Adding tint to a color means that you lighten the color with the addition of white. Combining white with a saturated color will increase its lightness by making it more reflective. The color will be less intense with the addition of white. You will increase the color’s transparency, which creates a softer and more delicate look.

Adding tints to color families allows designers to create a monochromatic design that is harmonious by using one hue with a range of values.

Using tone means combining a color with gray. The addition of gray to a hue will decrease the intensity and saturation of a color. Depending on the original color, gray tones can either lighten or darken the color to create a new color value and bring it toward neutral. This is useful in art and also home design to create a more subtle palette.

Toning will create less intense colors that are pleasing to the eye and more relaxing than vibrant and highly saturated colors. Toned colors also create a good background for other colors allowing vibrant or light colors to stand out.

You can create a new shade of a color with the addition of black. This is a useful technique when you want to increase the depth of a color or add more contrast in your design. Just a small addition of black will create a color that is more moody and mysterious.

Paint companies like Farrow & Ball add just a small amount of black pigment to knock just an edge off the luminance of their paint colors and create the look of age.
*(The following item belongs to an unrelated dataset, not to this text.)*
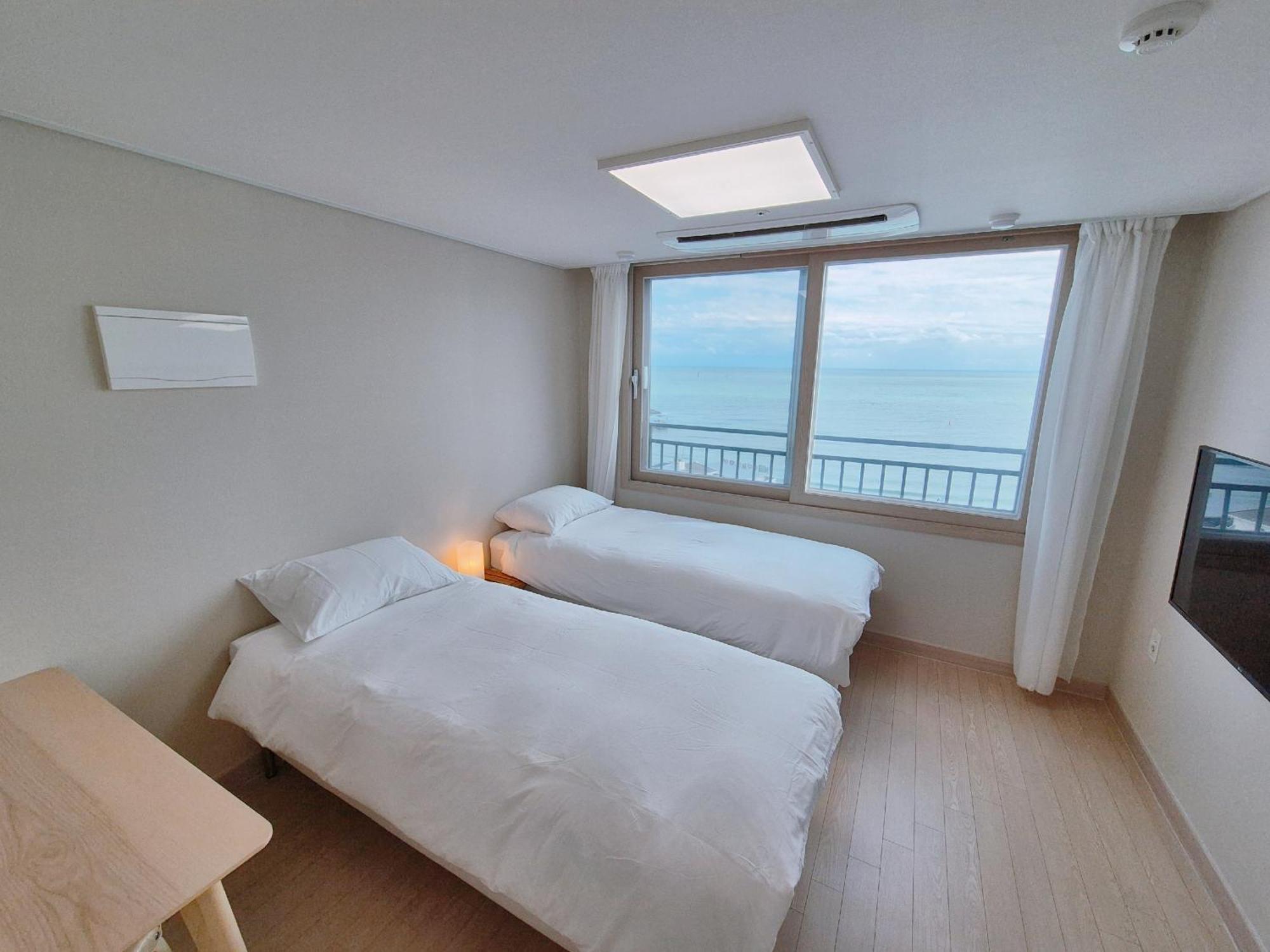 Hotel The First Ocean Songjeong Pusan Zewnętrze zdjęcie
Using Tint, Tone, and Shade to Create Harmonious Color Palettes

The addition of achromatic colors like white, gray, and black to color families like red, blue, and yellow creates a more refined and subtle color palette from which you can choose many diverse colors. You can use these to create color schemes with texture and nuance and to balance the intensity of the color in the room to provide a soothing and more subtle design.

Make a room more inviting and snug by incorporating a base color with black shading, or make it more subtle with a lighter tint color. Decrease the intensity of a color by using a base color with an injection of a gray color tone. Layer in diverse and subtle colors with the addition of wallpaper, throw pillows, rugs, furniture, and wall art.

Monochromatic Color Palettes

Monochromatic Color Palettes
Summer Thornton, Design Inc.

Monochromatic color designs use just one color family to create a pleasing interior space. To the uninitiated, this may seem to be an unexciting strategy, but these color schemes are some of the most harmonious and balanced. Monochromatic color palettes evoke feelings of serenity and calm, making them ideal for bedrooms and meditation areas. Tint, tone, and shade provide the nuance that colors need to make these designs work.

Begin with a base shade and build upon it by adding colors in the same family in varying tints, tones, and shades. Think about a monochromatic color palette based on the color red. Consider all the shades of color from the red family including different red hues like candy apple red, blush pink, and begonia.

Complementary Color Palettes

Complementary Color Palettes
Studio 511

Complementary colors are located across from one another on the color wheel. Color palettes built upon these hues are some of the most dynamic and bold. Complementary color palettes benefit from the addition of more nuanced shades of color.

Consider a simple complementary palette based on blue and orange. Create depth and interest to the design by varying the intensity of the colors, a pale peach wall color, slate blue occasional chair, deep coral curtains, and gray-blue wall art.

Analogous Color Palettes

Analogous Color Palettes
Charla Ray Interior Design

Colors located next to one another on the color wheel are called analogous colors. Designers use analogous colors to create soothing palettes with colors of a similar temperature.

Think about an analogous color palette based on blue and green. From this fundamental color base, layer in diverse shades of blue and green, including kelly green, mint green, navy blue, sky blue, and slate.